Photo : Un centre de santé local pour femmes enceintes au Nicaragua. Ces centres ont permis de réduire considérablement la mortalité maternelle. (De Tortilla con Sal)
Punir le progrès
« Nous recherchons les patients les plus pauvres », explique le médecin cubain responsable de la clinique ophtalmologique. « Souvent, nous nous rendons dans des zones rurales reculées et les amenons à la clinique en bus. » La clinique, située à Ciudad Sandino, au Nicaragua, fait partie de la Misión Milagro (Mission Miracle), gérée conjointement par les gouvernements cubain et vénézuélien. Depuis 2004, la mission plus large a soigné plus de sept millions de patients dans 33 pays. Aujourd’hui, ce sont des médecins nicaraguayens, formés par les Cubains, qui dirigent la clinique de Ciudad Sandino.
La Misión Milagro est honnie par le secrétaire d’État américain Marco Rubio. Washington a imposé des sanctions aux responsables des pays utilisant cette mission et d’autres missions médicales cubaines. Officiellement, il s’agirait d’empêcher la « traite » du personnel médical, mais l’objectif réel est de détruire des services qui ont rencontré un immense succès en raison de la gratuité et de la qualité des soins, souvent dans des régions reculées où les infrastructures de santé sont rares. Les États-Unis diabolisent faussement l’aide cubaine en la qualifiant de « travail forcé », alors qu’elle constitue aussi une source de revenus pour ce pays assiégé.
Les succès des « ennemis de l’humanité » selon Rubio
L’attaque de Rubio contre les brigades médicales n’est que le dernier exemple en date de la guerre hybride menée par les administrations américaines successives contre Cuba, le Venezuela et le Nicaragua. Déjà désignés comme des « menaces stratégiques » pour la sécurité des États-Unis, selon Rubio, ces pays sont désormais également qualifiés « d’ennemis de l’humanité ». En réalité, ces trois pays ont réalisé d’importants progrès en matière de développement humain, bien que freinés (surtout dans le cas de Cuba) par les attaques de Washington.

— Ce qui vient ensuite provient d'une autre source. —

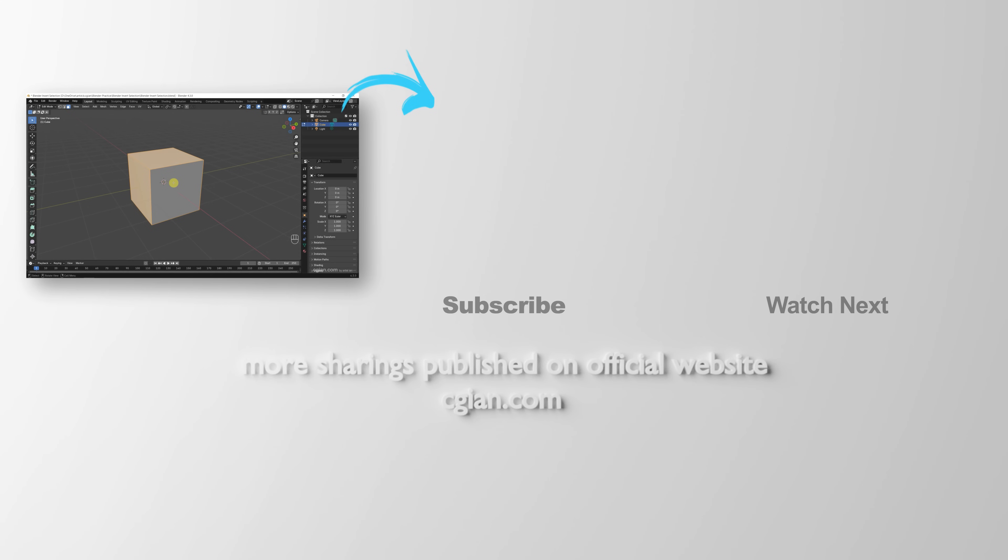Please subscribe to this channel. More videos will be shared with you. I'll see you again. See you in the next video.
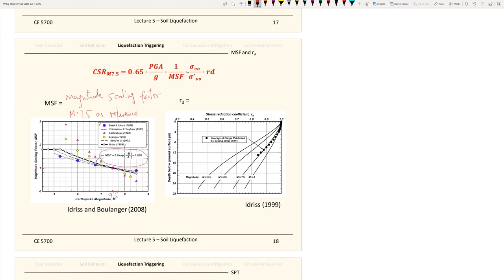Some correlations are really outdated — the 1988 or 1983 Japanese ones, for example, go forever high and forever low, which may not be realistic for very small or very large earthquakes. Later developments cap the MSF with more reasonable boundaries. The key takeaway is to understand what the MSF does and keep in mind that these correlations will be updated over time, especially as we get more significant data from recent earthquakes.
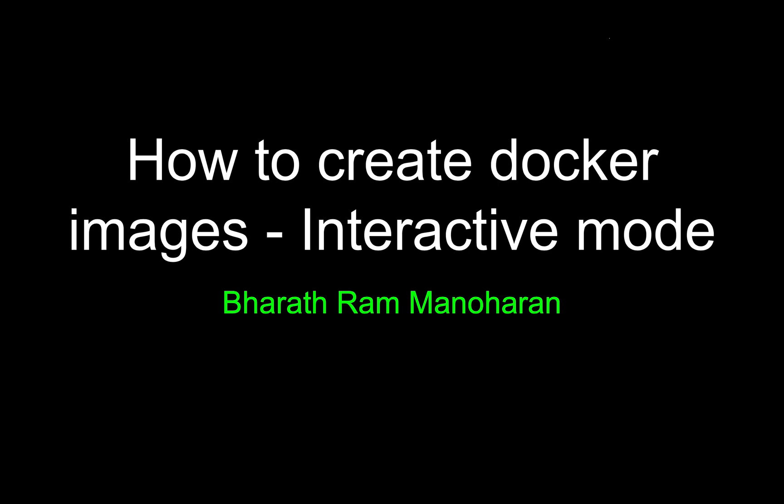In this video I am going to show you how to create Docker images in interactive mode. The other mode is using Dockerfile, but this is interactive mode. So let's actually jump in and take a look at this.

Les brigades médicales cubaines sont issues de son système de santé communautaire, dont le succès est reconnu dans les revues médicales et qui permet aux Cubains d’avoir une espérance de vie supérieure de trois ans à celle des Américains. Les services de santé au Venezuela et au Nicaragua se sont inspirés de ce modèle. Par exemple, les 180 casas maternas du Nicaragua, qui accompagnent les femmes en fin de grossesse, ont considérablement réduit la mortalité maternelle.

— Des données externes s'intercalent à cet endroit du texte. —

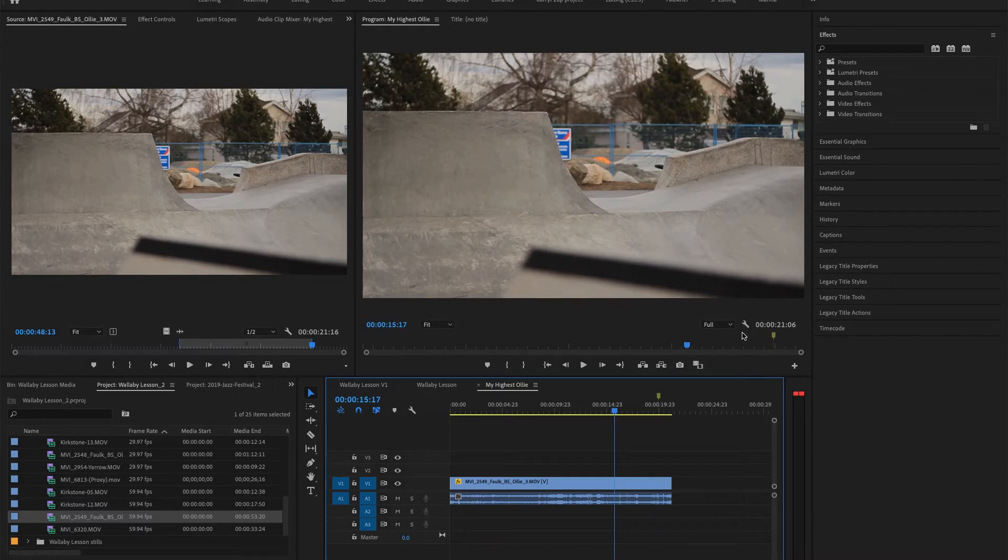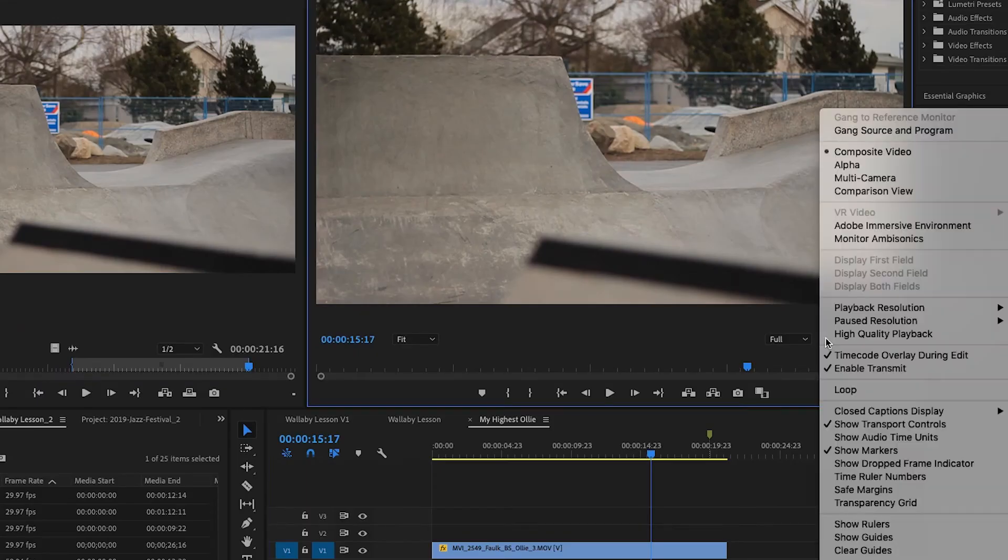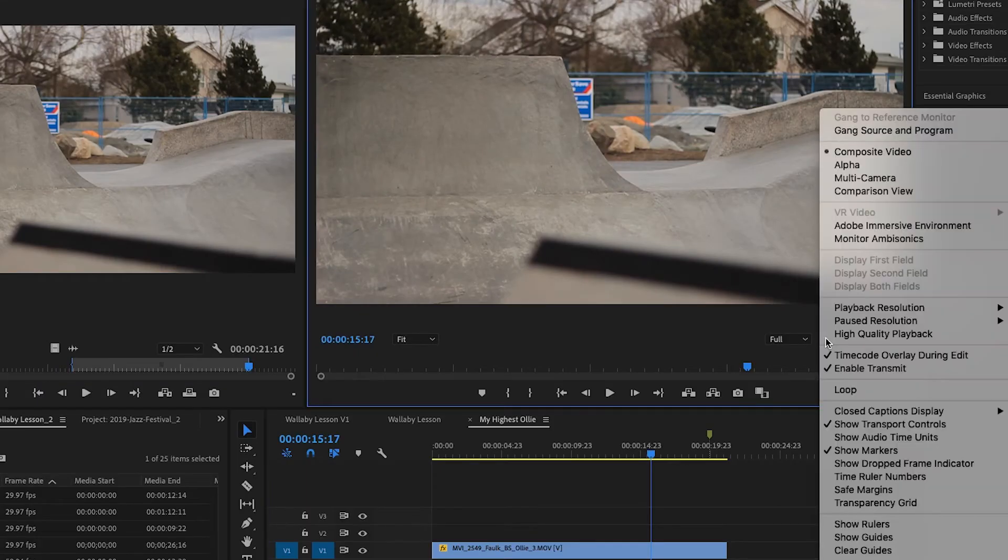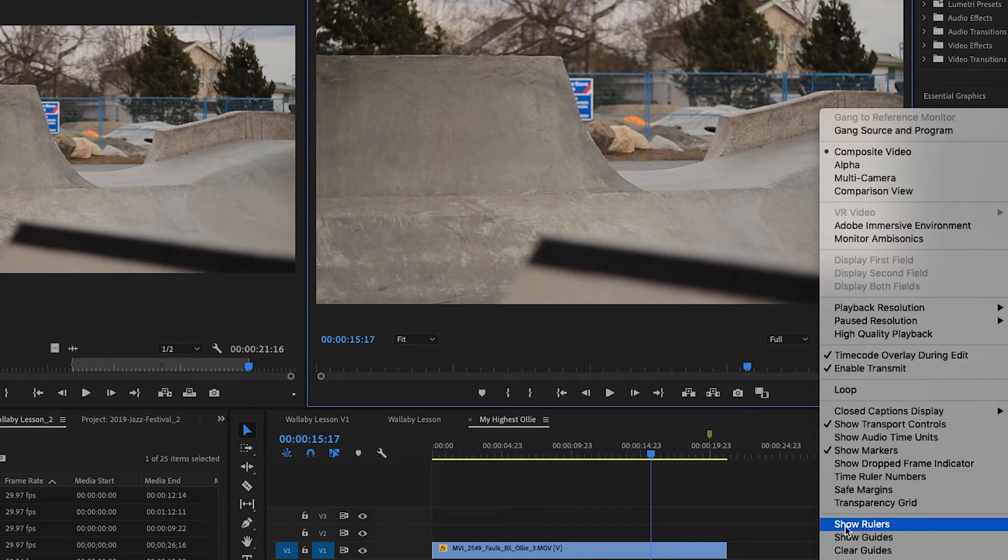Simply select the settings wrench on the bottom right and navigate to Show Rulers. Once the rulers are visible, drag out to create vertical or horizontal guides.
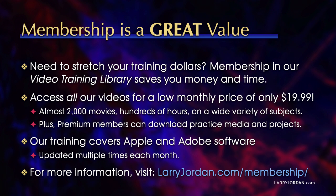Plus, premium members can download practice media and projects. Our training covers Apple and Adobe software. We update it multiple times each month. And for more information, visit larryjordan.com slash membership. And thanks.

Le Venezuela est en tête de l’Amérique latine et des Caraïbes (ALC) pour la construction de logements abordables : sa Grande Mission Logement, lancée en 2011, a remis les clés de son cinq millionième logement il y a un an. Le Nicaragua construit plus de 7 000 logements « d’intérêt social » par an.
Cuba, malheureusement, connaît une crise du logement persistante, principalement causée par l’embargo américain qui entraîne une grave pénurie de matériaux de construction. Un tiers des logements sont inhabitables, tandis que le programme annuel de construction de 13 500 logements est inévitablement insuffisant.
Cependant, Cuba a investi dans son système éducatif pendant les années les plus prospères de la révolution, alors qu’elle bénéficiait de la solidarité internationale de l’Union soviétique. Les écoles cubaines desservent les communautés les plus isolées et la fréquentation est proche de 100 %. L’ELAM, son école de médecine internationale, a formé pas moins de 31 180 médecins issus de 122 pays.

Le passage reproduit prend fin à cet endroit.